Tamil Nadu’s coastal town Mamallapuram is all set to play host to an informal summit between Prime Minister Modi and Chinese President Xi Jinping.  As we noted in our earlier article it is a continuation of the series of engagements between the two leaders. Ahead of Mamallapuram Summit it is interesting to see whether the terms of engagements with the Chinese have changed for India. Has India’s position of strength at the discussion table improved?

In the initial years of independence, India and China shared a “Hindi Chini Bhai Bhai”, the 1962 Indo-china conflict exposed the hollowness of this bonhomie. Ever since China was seen as a dominant partner who set the terms of the relationship.

But there are visible signs to argue that India in the recent years has come out of that zone and showing its assertive mark on many fronts.

India’s Newly Created Capability

In the Doklam stand off the world noted the firmness and wisdom with which the political, military as well as diplomatic leadership of India conducted themselves during the stand-off. After the standoff was resolved, India did not rest on its laurels and got to work to bolster its defences along the Chinese border.
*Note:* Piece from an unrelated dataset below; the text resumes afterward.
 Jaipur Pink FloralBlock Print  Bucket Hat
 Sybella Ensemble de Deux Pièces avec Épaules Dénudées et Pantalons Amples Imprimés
An alternative road to reach Doklam plateau has been built by the Border Roads Organisation (BRO) which has now brought the travel time to the Indian army Doklam base from 7 hours to mere 40 minutes. The new route significantly alters the military equation in the region. As in 2017, the Indian Army had to move to the tri-junction area via a single mule track.

Eight Advanced Landing Grounds (ALGs) have been reactivated in Arunachal Pradesh in two years in areas close to the Chinese border. This makes it easier to transport men and material to forward areas in the event of a conflict.

Indian Army has raised a Mountain Strike Corps (MSC) headquartered in Panagarh, West Bengal specifically designed to undertake offensive operations across the Line of Actual Control (LAC).

India at this juncture does want to have a mutually benefitted and peaceful relationship with China. But it also seems to have understood that the peace or any proposition for that matter can only be demanded on the basis of the position of strength.

This was reflected by the recent combat exercise of the Indian Army operation ‘Him Vijay’ where Integrated Battle Groups of MSC drilled in upper reaches of Arunachal Pradesh.

Operation Gagan Shakti, the Largest military exercise undertaken by India showed the capability of Indian air force to operate in all terrains.

Strengthening the Diplomatic Position

It is true that China has a conflicting view on Jammu and Kashmir. Recently, it referred to the UN resolution and also stating in the same breath that the Kashmir issue can only be resolved with the bilateral means between India and Pakistan.

Considering that the other world powers like the US and Gulf nations etc are not opposing India on its Kashmir move, India can afford to handle this little irritant from China. On the other hand, India doesn’t shy away from being a proponent of free global access in South China sea region, however discomfort it may cause to the Chinese side.

You may like to read our previous article India’s Necklace of Diamonds – Garlanding China for understanding the larger picture.

India’s increasing engagements in the region in the last five and half years has also improved India’s position of strength with China.

  • PM Modi’s recent announcement of one-billion-dollar line of credit to Russia’s Far East region has also assuaged Russia’s concern about china’s domination in its sparsely populated far east region and gives India strategic access to the energy rich region.
  • Government of India under its Lines of Credit (LoC) programme has approved to build a petrochemical refinery in Mongolia to be built at an approximate cost of $1.25 billion. This has been seen as a way to counter China’ Belt and Road Initiative (BRI) and maintain strategic ties with Mongolia.
  • Multiple connectivity projects like Kalandan Multi-Modal Project, India-Myanmar-Thailand Trilateral Highway, Bhutan-Bangladesh-India-Nepal Highway are expected to offer a different partnership proposition to that of China in the region. India’s outreach has a cultural edge as well.

It is a different, much confident India which is hosting China’s President this time.